Overall, this substitution is a clear-cut example of mixing up concept space and action space. We think that just because the tasks are conceptually similar, they must also have similar effects. Or, maybe we do know the difference but some part of us believes that we can do the easier Recognizing task, yet still reap the greater benefits of the Generating task. Either way, this intuition of being able to carry over similarities from other categorical domains is flawed.
This is why math can end up being a difficult subject for some people. It’s all too easy to fool yourself that you understand what's going on when you’re just following along with the textbook. Cover up the steps, though, and things get a lot harder if you try to solve it yourself.

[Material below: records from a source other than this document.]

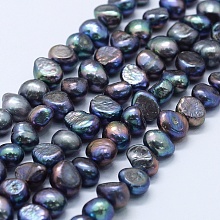 Honeyhandy Natural Cultured Freshwater Pearl Beads Strands, Dyed, Two Sides Polished, Midnight Blue, 7~8x7~9x5~8mm, Hole: 0.8mm, about 45pcs/strand, 13.19 inch~13.39 inch(33.5~34cm)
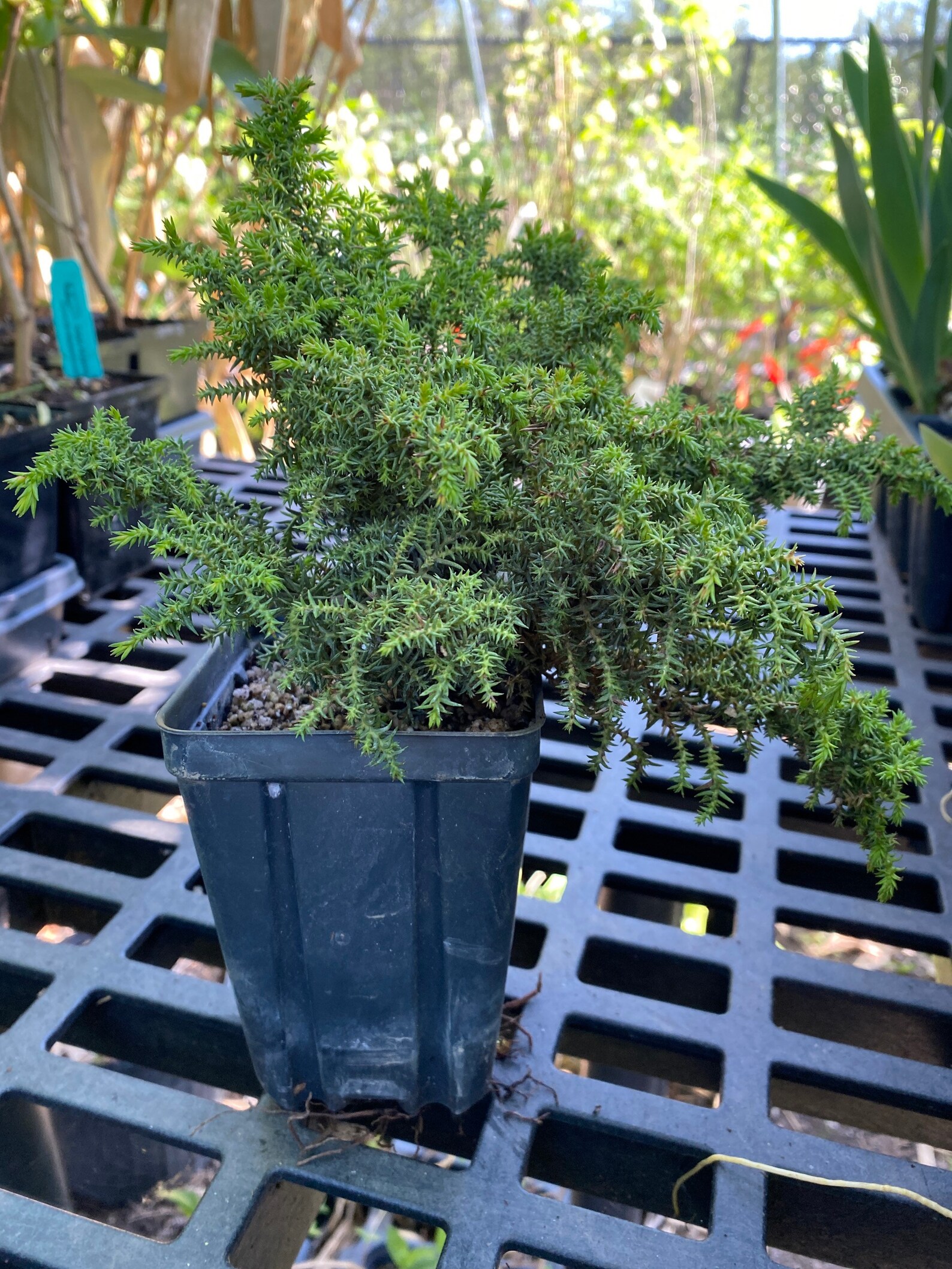Cryptomeria Japonica 'tansu' Japanese Cedar Etsy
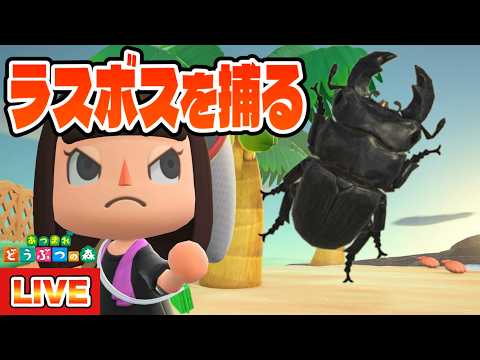 【あつ森】虫図鑑ラスト1匹！ラスボスのオオクワガタを捕るぞ！！！【あつまれどうぶつの森】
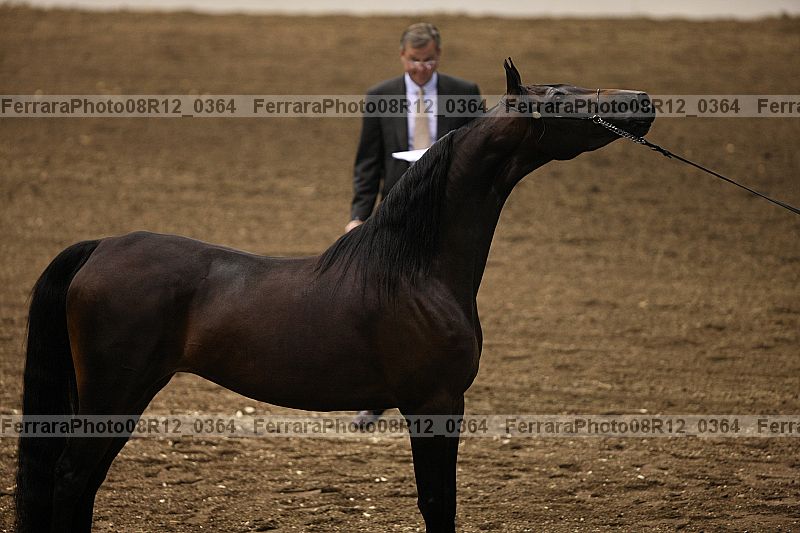 Proof 08r12_0364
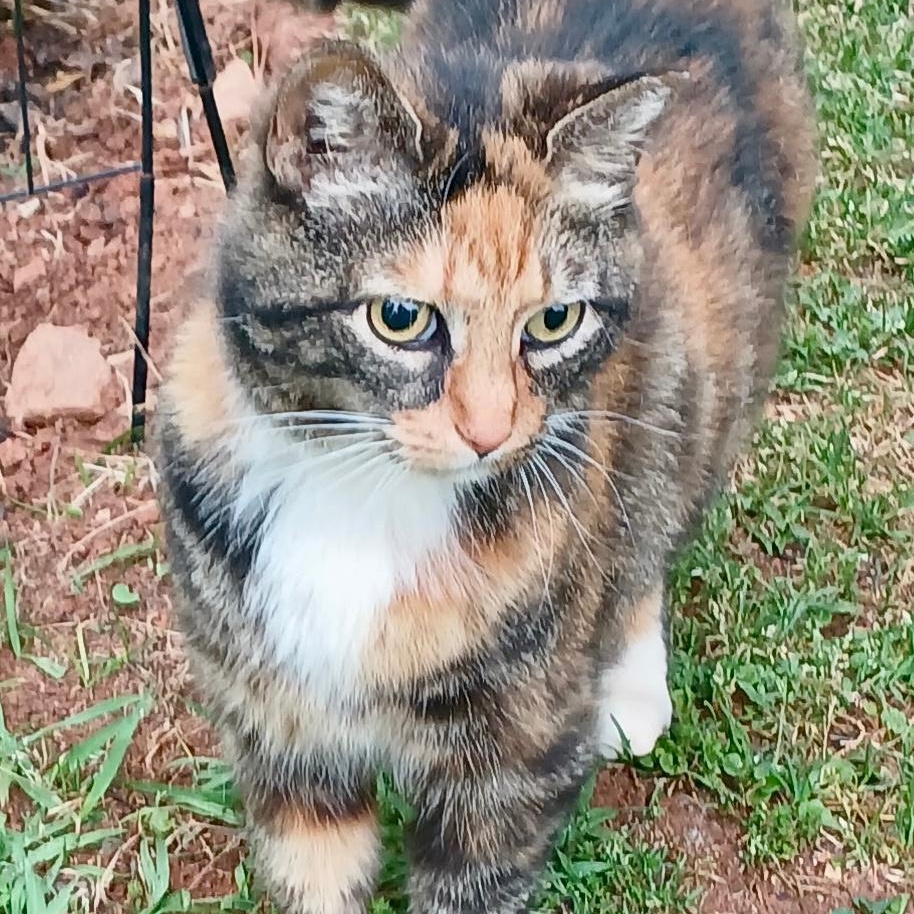 Kiera, a ADOPTABLE mixed breed in Gastonia, NC image 5/5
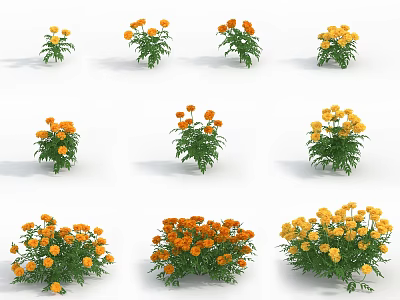 Potted Orange And Yellow Flowers With Green Leaves And Multiple Blooms Arranged On White Background 3d model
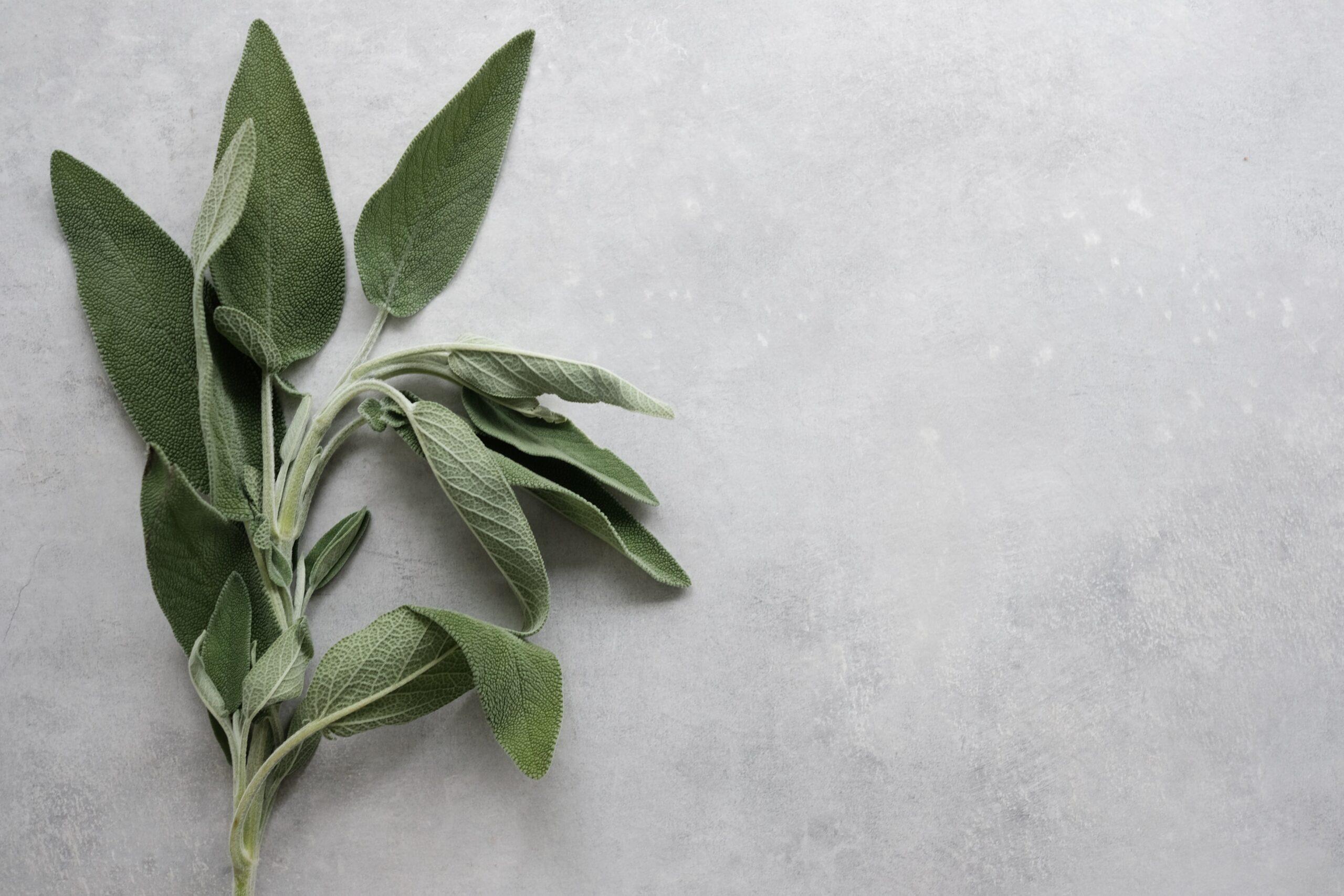 8 Best Herbs For Energy And Fatigue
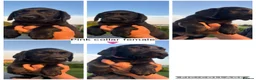 Labrador Retriever dogs for sale: Stunning black Labrador pups for sale  - Advert 9
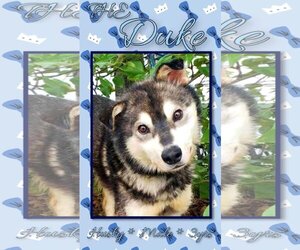 - Mix Dogs for adoption in Anchorage, AK, USA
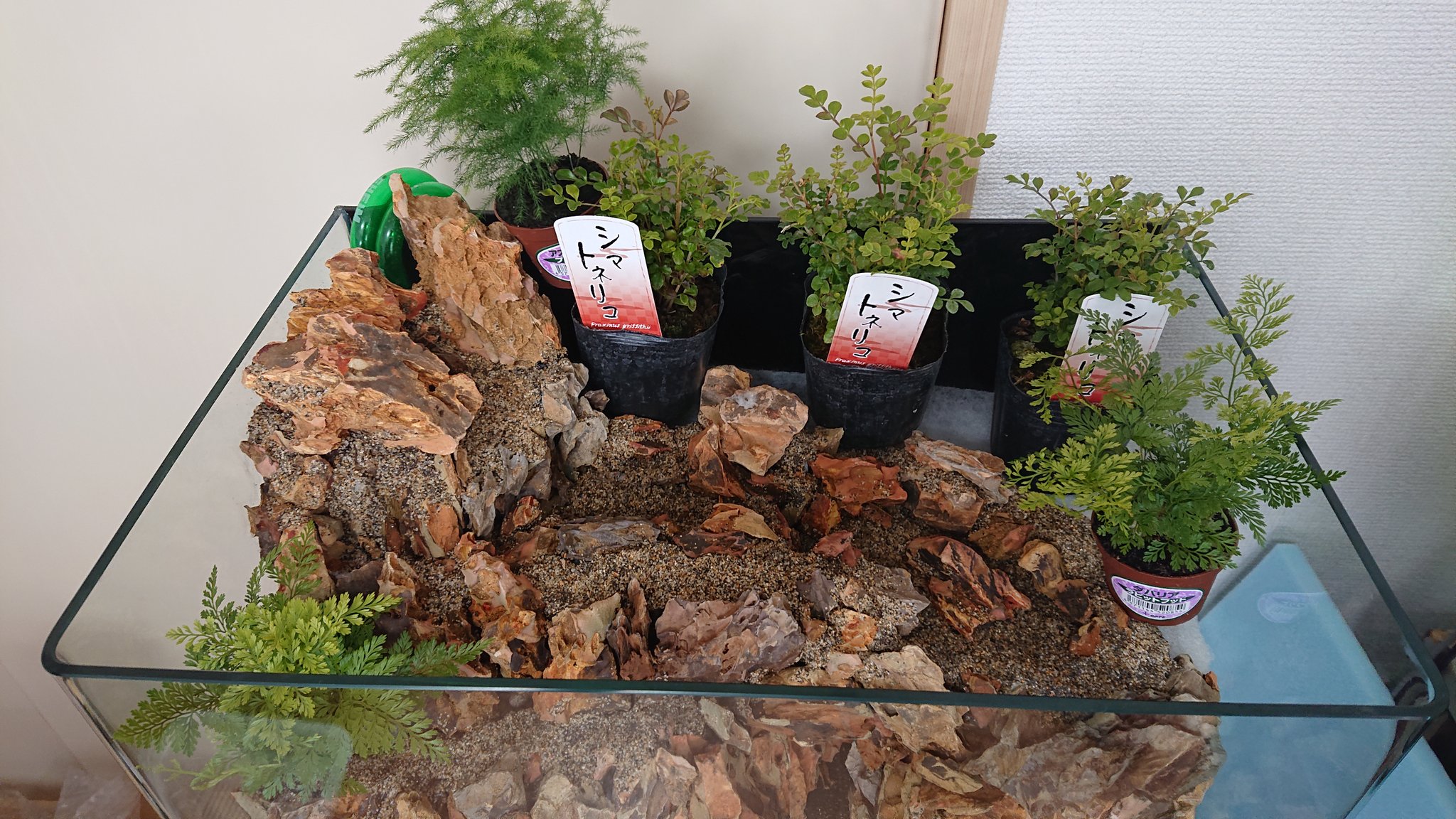 ট ইট র カンマ 観葉植物は シマトネリコ ダバリア アスパラガスです コケはハイゴケです 土や肥料をしっかりと洗い落として 植える場所に配置して ソイルで埋めていきます アクアリウム テラリウム アクアテラリウム 熱帯魚 メダカ ダバリア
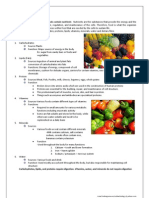 IGCSE Biology Digestive System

In a similar vein, when you’re reading a book and the author says, “Now, obviously, we can conclude X,” this is a sign to pause. Stop. You should take a step back and examine what you actually think. If the author hadn’t presented you with the conclusion, could you have generated it with the pieces you already had?
See also group dynamics, where everyone is all too happy to offer their opinion when someone has an idea, but reluctant to submit their own. It's easier to critcize something that's already there, then to come up with something novel to present to others.
And, of course, this dichotomy is of utmost importance in the realm of self-help. I think that there is a tendency for advice to get cached as declarative knowledge, rather than procedural knowledge, in a way which parallels the Recognizing vs Generating dichotomy.
(If you haven’t seen either of these terms before: Briefly, declarative knowledge refers to things you know how to relate, like Paris being the capital of France. Procedural knowledge refers to things you know how to do, like tying a knot.)
The big issue here is that most models in self-help appear to be declarative, but their efficacy lies in their being procedural.
For example: When you first learn about the planning fallacy, you learn that the planning fallacy is a cognitive bias, it revolves around underestimation, and that reference class forecasting is a way to help. You learn that reference class forecasting is a method of creating estimations, that it's been successful in public works projects, and that it requires choosing your reference class carefully.
This is fine if your goal is to do well on a pop quiz. You'll be able to answer questions like:
- "Does the planning fallacy say we systematically overestimate or underestimate?"
- "What does reference class forecasting do?"
- "Which researcher discovered the premortem technique?"
You've built up detailed internal representation of the concept and its related background information.
But this may not be what you want! From a practical perspective, what you may want is to be able to put all those concepts into practice, so they actually become useful. This requires finding examples of using the concept and thinking of ways to integrate the concept into your existing schedule. These are questions like:
- What is my average underestimation rate?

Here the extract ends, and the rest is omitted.